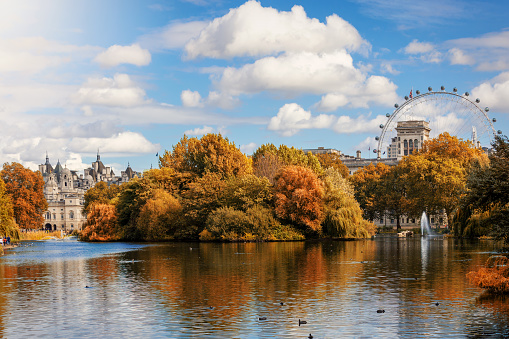 View towards St. James Park in London during autumn, United Kingdom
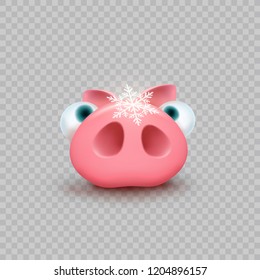 Pig with falling white snowflake isolated on transparent background. Christmas snow flake and cute piglet. Vector xmas funny little pig character.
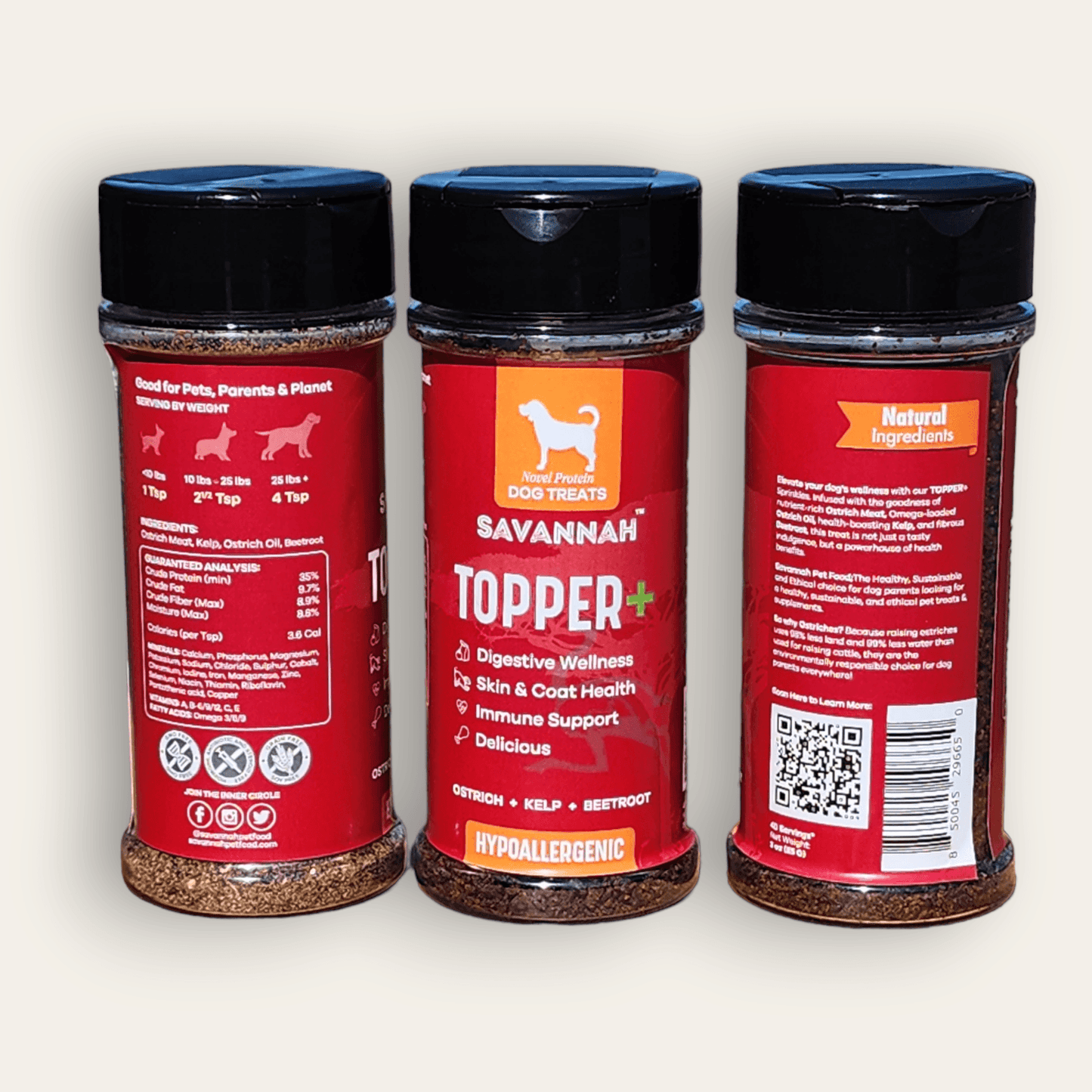 Topper Plus: Ostrich & Beetroot (3oz) – The Flavorful, Gut-Healthy Superfood Boost for Your Dog's Kibble - Rocky's Famous Treats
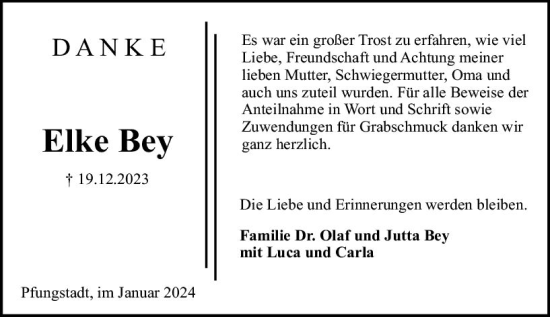 Traueranzeige von Elke Bey von Darmstädter Echo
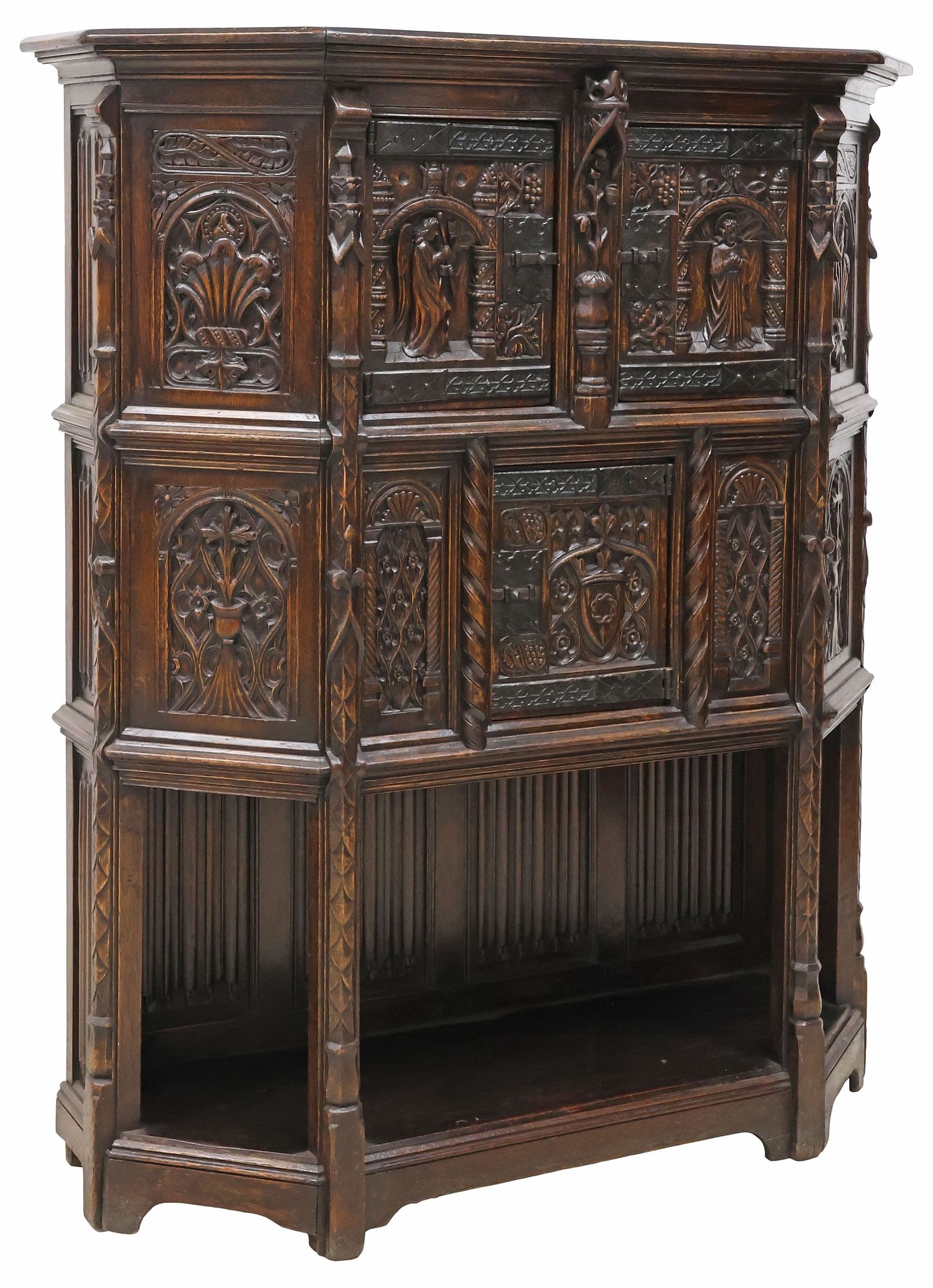 FINE FRENCH GOTHIC REVIVAL CARVED OAK FIGURAL CREDENCE CUPBOARD (1 of 7)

###

» **Task requirements**: Transcribe each entry above character for character, omitting pictures.

» **Output of the task**:
 View towards St. James Park in London during autumn, United Kingdom
 Pig with falling white snowflake isolated on transparent background. Christmas snow flake and cute piglet. Vector xmas funny little pig character.
 Topper Plus: Ostrich & Beetroot (3oz) – The Flavorful, Gut-Healthy Superfood Boost for Your Dog's Kibble - Rocky's Famous Treats
 Traueranzeige von Elke Bey von Darmstädter Echo
 FINE FRENCH GOTHIC REVIVAL CARVED OAK FIGURAL CREDENCE CUPBOARD (1 of 7)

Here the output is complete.